The label put “Ain’t Got No Home” on the B-side of a trial disc, assuming that “Troubles, Troubles,” co-written by Henry and Gayten would make better hit material. “[Local DJ] Poppa Stoppa flipped over the record and played ‘Ain’t Got No Home,’” Henry explains. “People in New Orleans was requesting the song, sayin’ ‘Play the frog song by the frog man!’ I happened to be in the studio this one time and Poppa Stoppa said, ‘From now on your name is Frogman.’”

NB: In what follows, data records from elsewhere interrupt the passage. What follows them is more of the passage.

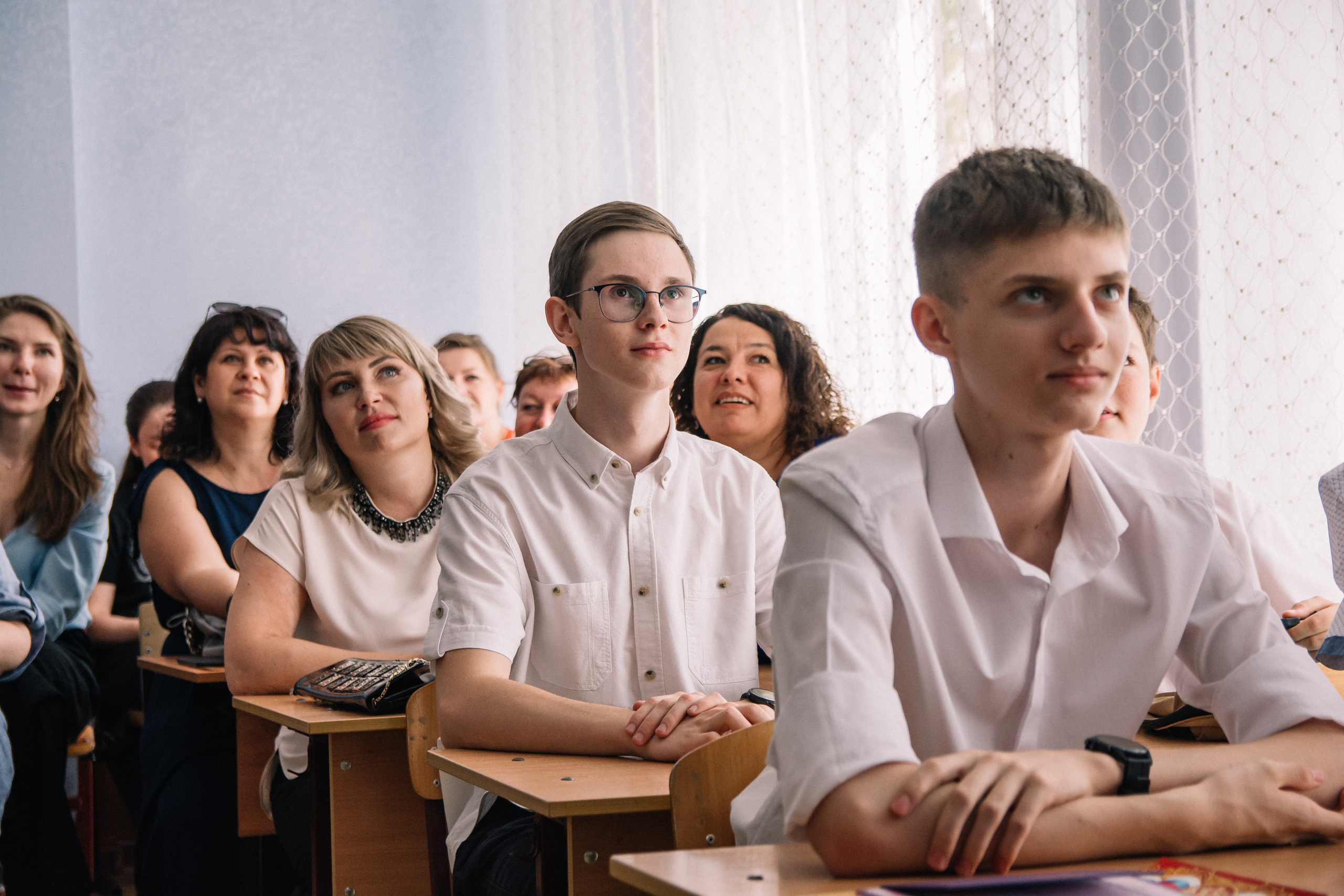 Вручение дипломов. Семейный и детский фотограф Кущ Наташа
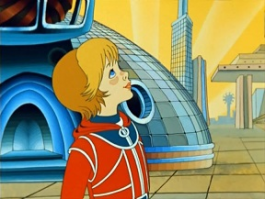 а еще профессорская дочка на него похожа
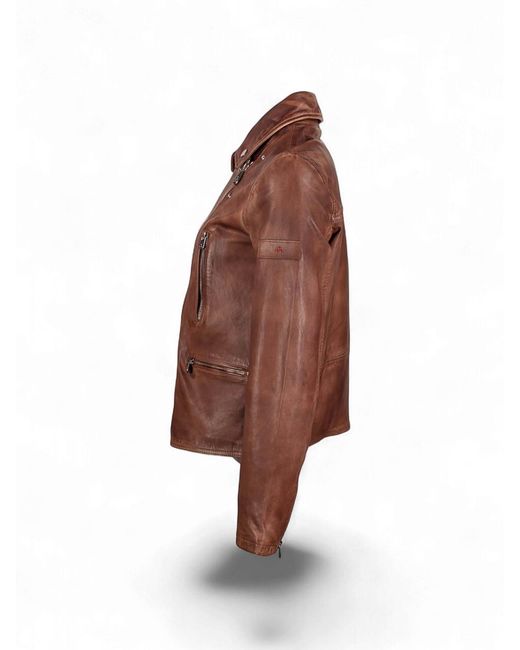 Peuterey Brown Jackets
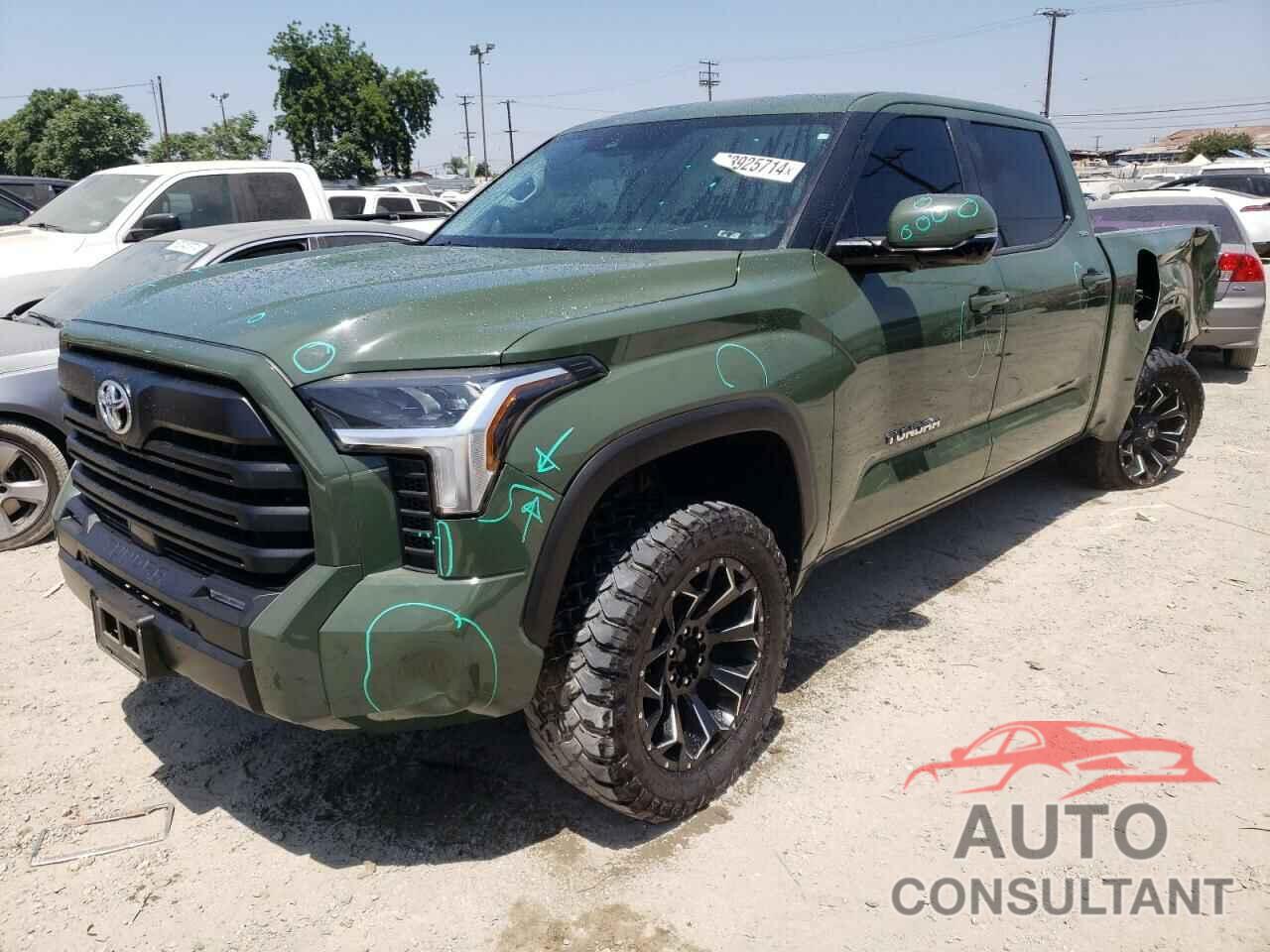 TOYOTA TUNDRA 2022 - 5TFLA5EC5NX002304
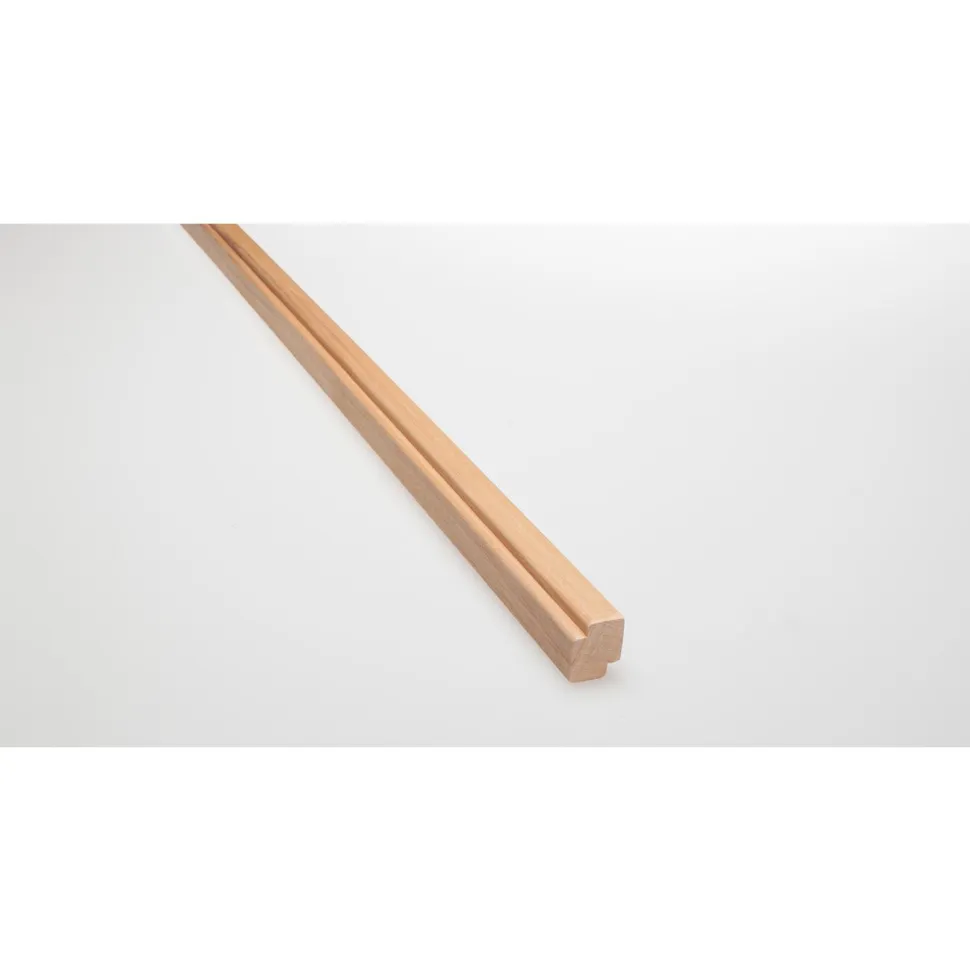 Varjolista Karava 15x18x2100 mm tervaleppä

Half a century and dozens of accolades later, Frogman remains one of New Orleans’ living legends and favorite music celebrities. Although he doesn’t play in the clubs around town much anymore, his 19-year stint on Bourbon Street was central to the international appreciation of Louisiana R&B that shaped the late 50s and early 60s, landing him a spot on tour with the Beatles and fans like Paul McCartney, who Frog affectionately refers to as “my Beatle,” and Buddy Holly who famously covered the tune.
This year, Frogman says it’s almost time to retire, which is part of the reason Offbeat magazine put his face on the cover of their annual “Jazz Fest Bible” issue. His set at the Jazz Fest Blues Stage on April 29 created human gridlock along some of the more popular routes from the main stage over to his stage. But those who pushed through the traffic jams were treated to other hits like “You Always Hurt the One You Love” and “Don’t Know Why I Love You (But I Do).”
“I been out here 52 years,” he said, standing up from the chair he now requires during shows, no thanks to recurring back problems. “At 60, I’m goin’ to retire. Tha’s it!” The crowd yelled a resounding “no,” in unison. He made a few cracks directed at his new son-in-law, gave some shout-outs to his family, and then the band his the first few notes of “Ain’t Got No Home.”
Despite the love his fans show for him when he does perform, Henry’s presence has waned on the local scene in recent years. In the days when “go-cups” on Bourbon Street were actually made of glass and the locals outnumbered tourists in the French Quarter, you could hear Henry perform any night of the week at almost any club on the strip. But after nearly two decades of being a Bourbon Street staple, Henry traded his place in the spotlight for a quiet life across the river in Algiers, on New Orleans’ West Bank, not far from where he was born.
Two stone frog statues stand guard as sentinels outside his home on Lawrence Street, across from a lot that’s currently inhabited by FEMA trailers and government rescue workers. Inside the modest house, a piano occupies most of the main room, which is virtually wallpapered by framed photographs of milestones in Henry’s career. He still jumps up to play the piano when some music inspires him, and he still spends a lot of time listening to the people who he came up with in the 50s and 60s, like Bobby Charles.
“The first time I met Frog, I remember he was doin’ a session with Allen Toussaint,” says Charles from his trailer in Abbeville, Louisiana (his house was completely destroyed when Rita swept over his town). “I’d written some songs for Frog and we recorded them. Then I used to go see Frog on Bourbon Street when I had just come on the scene. Last time I saw him was a couple years ago, he came and sang with me on an album I was doing. He also wrote some arrangements. Man, I just love the way he sings. He has this unique style. He’s always good.”
Recognized for his contributions to music by the Delta Music Museum Hall of Fame, the Rockabilly Hall of Fame, the Big Easy Entertainment Awards and a recipient of the Armstrong Cultural Ambassador to New Orleans Award, Henry’s living legend status is sealed.